Filled with predictable and repetitive text, the books had matching pictures that the children could use to guess many of the words.
Clayton South Primary students Jay Rose Garcia and Sienna Thea are learning to read using systematic synthetic phonics. Credit:Joe Armao
Though they were standard in most Victorian primary schools, Mr Clement feared the books were papering over many students’ literacy struggles, especially those from a non-English-speaking background.
“We were just finding so many kids were being left behind; the same ones every year,” he said.
So he got rid of the books during lockdown last year and replaced them with about $15,000 worth of new readers – a large expense for a small state school with just over 100 students.
“We chucked them out,” Mr Clement said. “The previous books we sent home were called predictable texts and you basically had to look at the picture and guess what was on the page. A sentence might say, ‘The hippopotamus jumped in the lake,’ and there is a picture of that.”
Clayton South is one of a small but growing group of Victorian schools that are rejecting conventional “balanced literacy” techniques, where children learn to read using whole words, in favour of synthetic phonics, where they are taught to read using the 44 sounds in the English language and the letter combinations that make them.
Clayton South Primary principal Greg Clement has introduced a new method of teaching students to read.

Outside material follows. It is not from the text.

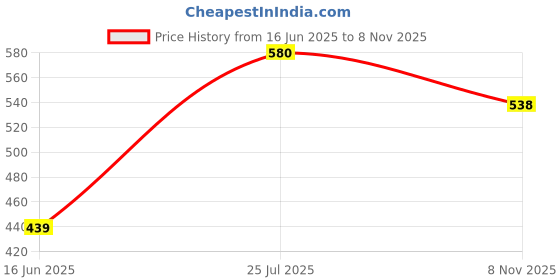 flipkart.com Force NXT Force NXT Cotten Blend Men Top Thermal Men Top Thermal Price History Graph from 16 Jun 2025 to 8 Nov 2025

Credit:Joe Armao
Clayton South’s rejection of “visual memory” as a literacy tool in the early years is mirrored in the draft Australian curriculum, released this month, which deleted reference to visual memory as a technique in year 1.
Jennifer Buckingham, director of strategy at literacy program MultiLit, said it was good that visual memory had been cut from the draft curriculum, arguing its removal “signifies that is not a good way to remember what words are”.

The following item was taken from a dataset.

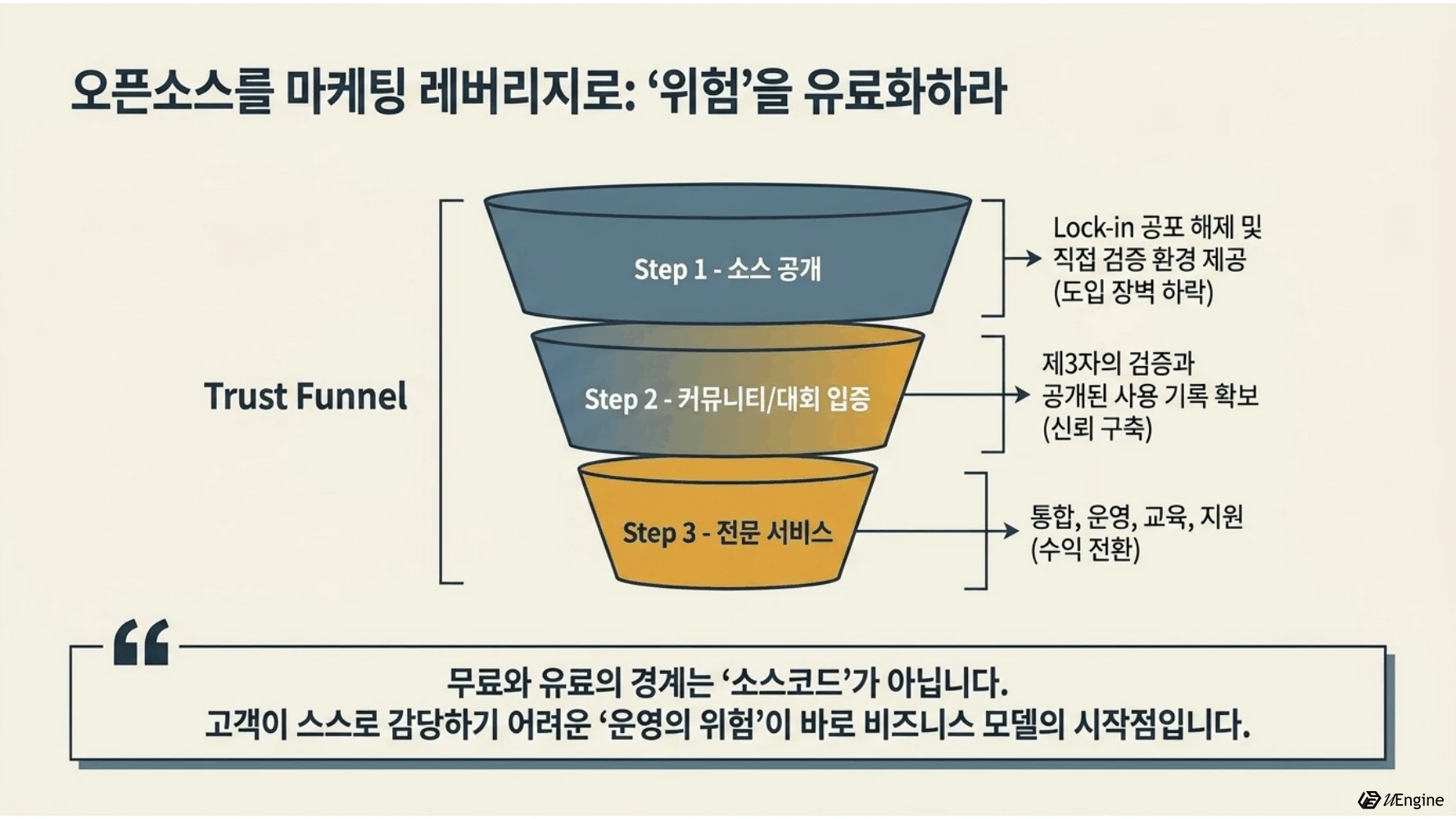 Trust Funnel — 소스 공개, 커뮤니티/대회 입증, 전문 서비스로 이어지는 신뢰 퍼널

But she said the curriculum authority had missed other opportunities to ditch predictable readers from school content.
“It sets up a reading habit in kids where, instead of decoding unfamiliar words using the knowledge of letter-sound correspondences, they look at the picture,” Ms Buckingham said.
Australian Curriculum, Assessment and Reporting Authority chief David de Carvalho said the new English curriculum placed significant emphasis on systematic phonics instruction for learning to read, but said teachers should match it with the needs of their students.
“The proposed curriculum allows teachers to choose a range of texts to develop students’ decoding, comprehension, vocabulary and fluency and importantly to foster enjoyment in reading and an appreciation of literature,” he said.
Jordana Hunter, school education program director at the Grattan Institute, said the “reading wars” had stood in the way of following the evidence on best practice on reading instruction.
“It can make it seem like teachers have to choose between phonics or using rich literature in quality stories in their classrooms,” she said.
“Of course teachers can and should use both. Teaching phonics systematically from day one, and giving students plenty of opportunity to practise with decodable readers, gets children up and reading on their own quickly.
“At the same time, sharing rich stories in the classroom with the whole class introduces students to the beauty and excitement of literature and expands vocabulary and understanding.”
The NSW government committed in 2018 to give state schools $50 per prep child to spend on decodable readers.